One of the biggest challenges, he explained, lies in rebuilding specialised labour capacity after a prolonged downturn: “One of the things we require on the outbound side is skilled labour for mechanics and for drivers,” said Stinsa. “In that trough, a lot of that labour has gone away.”
He noted that International is now holding weekly planning meetings focused on when to begin reactivating capacity and recruiting labour ahead of future production increases.
Tariffs and fuel prices remain key cost pressures
Alongside market volatility, Stinsa pointed to tariffs and fuel costs as the most immediate financial pressures affecting International’s logistics operations.
"The biggest lever right now, and it's been something that's been topical for the last year or so, is tariffs, and Section 232 tariffs have been a particular difficulty for us," he said.
International has been developing mitigation strategies around cross-border flows and customs processes, including adding an inbond process for units passing through the US.
Fuel price inflation is also reshaping transport decisions across the network. “Diesel fuel is about $5.50 per gallon, up from the high-$3 range,” Stinsa said. “That’s a significant spike.”
To manage rising fuel costs, International has increased its focus on carrier compliance with fuel purchasing programmes designed to secure discounted fuel pricing.
“The carriers have to adopt a part of our fuel programme which allows us to get discounts as they fill up around the country,” he explained. “That’s one thing that we really have to watch compliance on because when they’re non-compliant, it drives higher costs.”
The company is also revisiting transport mode optimisation, particularly the balance between single-vehicle and decked transport configurations. “We’re working to optimise all of those items because the impact of fuel drives bigger changes between the modes,” said Stinsa.
A shift towards rail
One of the most significant strategic shifts discussed by Stinsa was International’s growing interest in rail transport. Historically, rail has not played much of a role in the company’s finished vehicle network, but Stinsa shared that has begun to change over the last six months.
“On a long-term basis we’re looking at rail,” he said. “That’s really a nascent topic for us. It’s something that has been on our board of things to work on for years and we’re just now in the past six months making some really good progress on that one.”

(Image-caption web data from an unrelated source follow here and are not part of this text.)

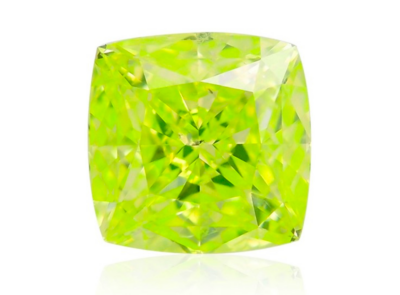 0.73ct Fancy Intense Green-Yellow/SI1 s GIA certifikátem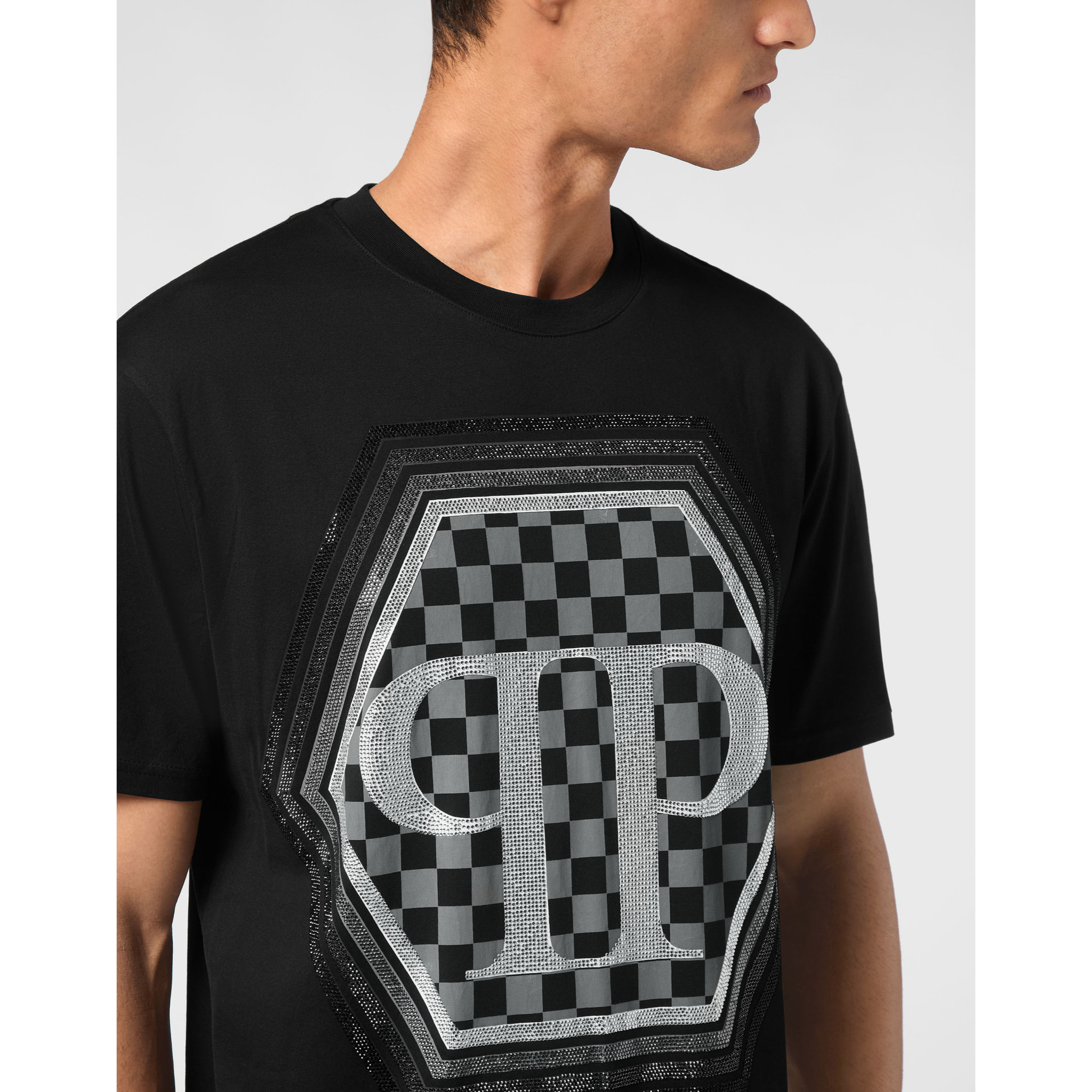 PHILIPP PLEIN Maglietta a girocollo HEXAGON
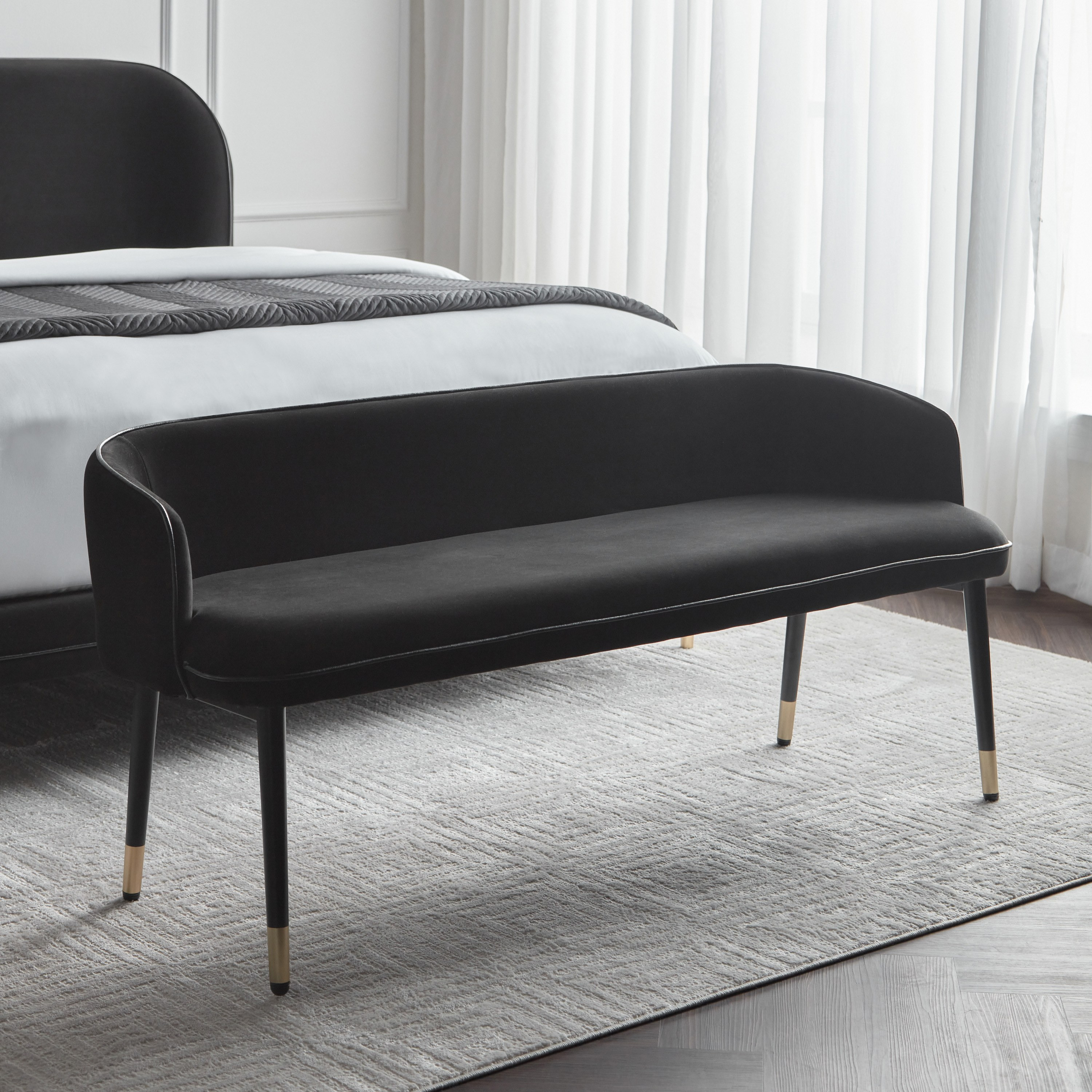 Bench Kuwait Shop Mono Velvet Bench | Homecentre Kuwait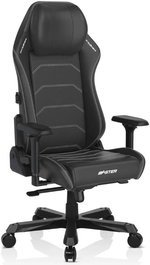 DXRacer 1238S Master Series Gaming Chair, Microfiber Leather, 4D Armrests, Multi-functional Tilt, 3" Casters, High Density Mold Shaping Foam, 220lbs Recommended Weight, Black | DMC-I238S-N-N1-A3 Model: DMC-I238S-N-N1-A3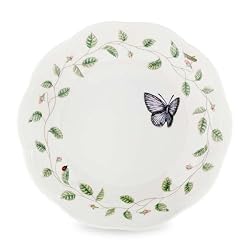 Lenox Butterfly Meadow Bone Porcelain Individual Pasta Bowl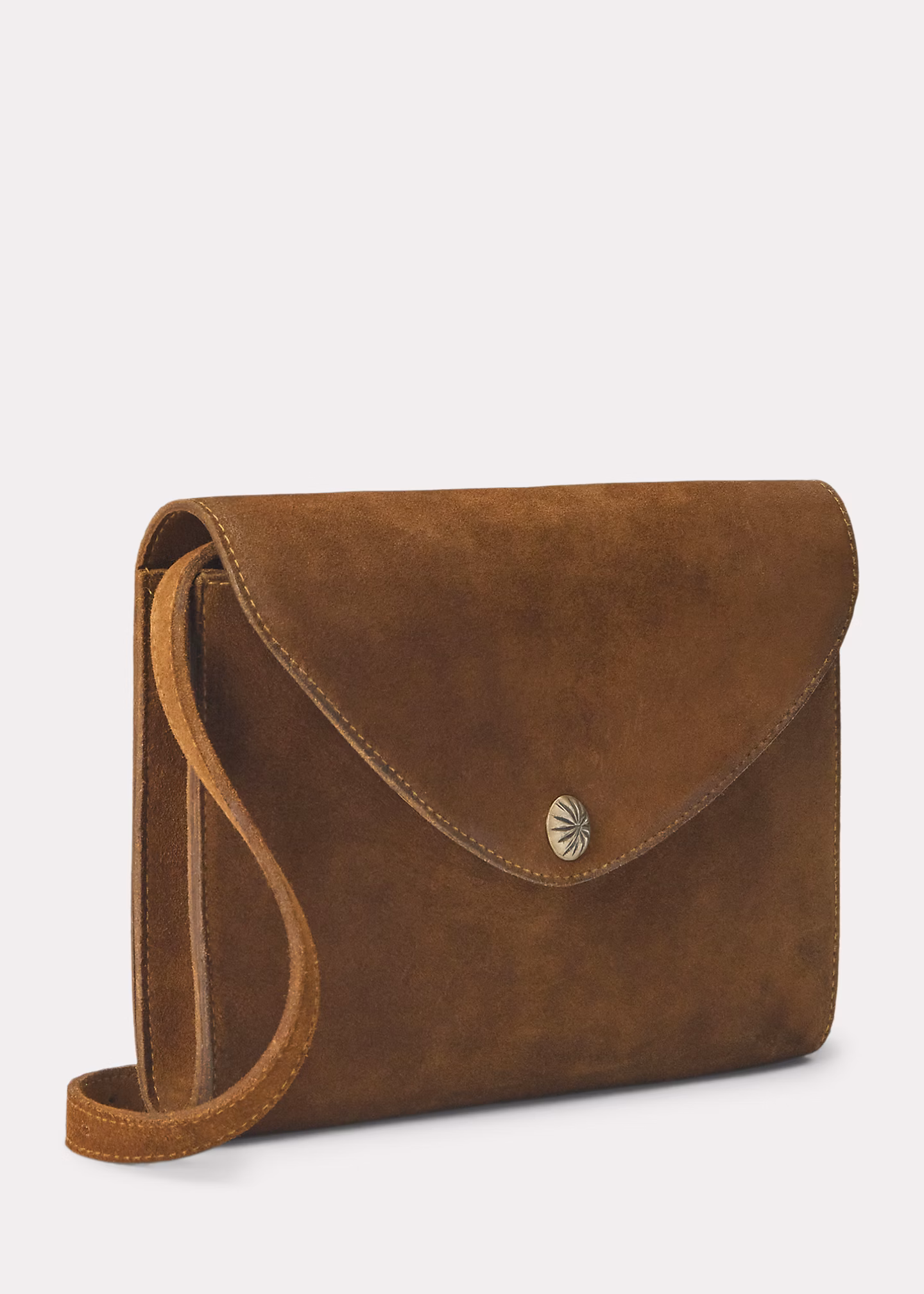 Umhängetasche aus Rauwildleder - RALPH LAUREN OUTLET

While cost reduction is part of the equation, Stinsa stressed that rail is increasingly being evaluated as a resilience strategy as well. “I think it’ll drive savings,” he said. “And we’re also looking at it as a resilience play to have an alternate relief valve for the volume as well.”
Electric truck logistics still evolving
Stinsa also reflected on how changing regulations are reshaping the outlook for electric commercial vehicles, particularly in medium- and heavy-duty trucking.
“The regulatory landscape has changed significantly for medium and heavy trucks,” he said, adding that relaxed regulations for 2027 have reduced some of the urgency around adoption.
However, he pointed to electric school buses as one segment continuing to grow quickly, creating ongoing transport challenges around the use of costly lowboy trailers. “I know everybody is working with the carriers, trying to look at different options to optimise both how do you do the lowboy and how you get away from that very costly alternative,” he said.
Stinsa added that solutions developed for school bus logistics could eventually influence transport strategies for heavier electric trucks as adoption grows.
AI becomes a partner selection priority
Artificial intelligence was another key theme in the discussion, particularly the use of agentic AI across dispatch, tendering and vehicle planning operations.
“One of our focuses, since we rely so heavily on logistics partners, is to see what those partners are doing and ensure that they’re on a path towards AI adoption,” said Stinsa.
He pointed to growing use of AI in carrier dispatch and communication, as well as finished vehicle load optimisation, including “the decking and pairing of vehicles”.
Most significantly, Stinsa said AI capability is now becoming part of International’s formal partner evaluation process. “We want to make sure we don’t get stuck with a technical laggard that’s in our business,” he said.